All of the above good fortune would keep Chris Young out of the starting rotation and, to many, makes him largely irrelevant to the team’s chances for the coming year. I would offer that Young could still play a rather crucial role for this team and do so without once taking the mound to start a game.

There exists the very real chance that at age thirty-seven, Chris Young might just be plain done. Still, I would offer that while Young was not really as good in 2015 as it appeared (he benefited from a career low .209 BABIP), he was probably not as bad as he appeared in 2016 (when his BABIP was a career high .318).

In an odd twist, Young’s average fastball velocity was the highest it had been in six seasons and his strikeout rate was a career-high 9.54 per nine innings.  Yet, Young was bedeviled by the long ball, allowing almost three home runs per nine innings and seeing one in every five of his fly balls leave the yard.  While Young’s strikeouts soared, his walk rate increased to its highest mark since his days long ago in San Diego.

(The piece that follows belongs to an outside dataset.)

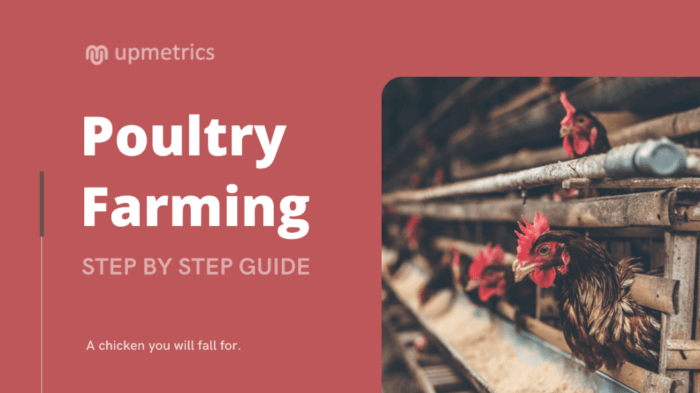 Dorking Chicken Farming: стартовый бизнес-план для начинающих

Over the past four seasons, Young had gradually been using his fastball less and slider more (and all but ditched his changeup), but in 2016 Chris dramatically decreased his fastball usage, despite the increase in velocity,  and threw the slider over half the time.  By August and September of last year, Young was throwing his slider nearly 60% of the time.  Based on the slugging percentage against shown below, I think you have an inkling why he did so:

Young Slugging Against

Fly balls turning into home runs often can be, in some part at least, attributed to just plain bad luck.  That, and bad pitching.  As I said earlier, there exists the real possibility that Chris Young is on the road to being done.  However, my friends, knock the walk rate down a tick – he’s never had low walk rates and never will, but something less than four would be swell – and see the home run rate return closer to his career average…  Well then, you have a useful arm again.

Now, you might say ‘so what?’ With a rotation of Duffy, Kennedy, Hammels, Karns and Vargas coupled with Strahm, a hopefully effective Soria and Kelvin Herrera at the back end of the pen, why do we really care if Chris Young is effective or not?

To begin with, those five starters I just named are not going to each start 32 games in 2017. While the Royals might well look to the coming crop of young arms to fill (insert snarky Kyle Zimmer comment here) the 10 or even 20 starts the original five don’t make, they would certainly be delighted if Chris Young were capable of stepping in to offer five innings or so every fifth day for a month.  Again, it keeps Strahm in the pen where he will likely be very necessary this season.

Beyond that, however, I see the real value of even a moderately effective Chris Young toiling in those often awful games where the starter cannot make it past the fourth inning.  Last season, Kansas City starters failed to record more than 12 outs twenty-six times.  Not surprisingly, they lost 20 of those games.  With or without hope in those games, somebody has to pitch those innings and it can’t always be the back-up catcher.

Even adding another arm or two like Luke Hochevar and/or Joe Blanton and/or Peter Moylan and/or the usual non-roster veteran surprise, the Royals’ pen quickly goes from dominant (Herrera) to just decent (everyone else).  Those of you who must have everything statistically validated won’t like this next statement, but a dominant reliever being overused becomes decent.  A decent reliever being overused becomes decidedly below average.

Chris Young’s value to this team in 2017, in my opinion, is simply to absorb those innings that probably don’t really matter.  If he is capable enough to come into games twenty times a year and east up three or four innings of trash and saving Ned Yost from having to burn the innings of Brian Flynn and whomever else makes up that ‘middle innings’ crew, then Chris Young will be playing an important role.

There is no glamour in this role and, should he do it well, most of us probably won’t even notice.  What we will notice, however, is a back of the bullpen that is ready to go when the game is on-line and not short-handed because one of them had to throw an inning in a blow-out loss the night before.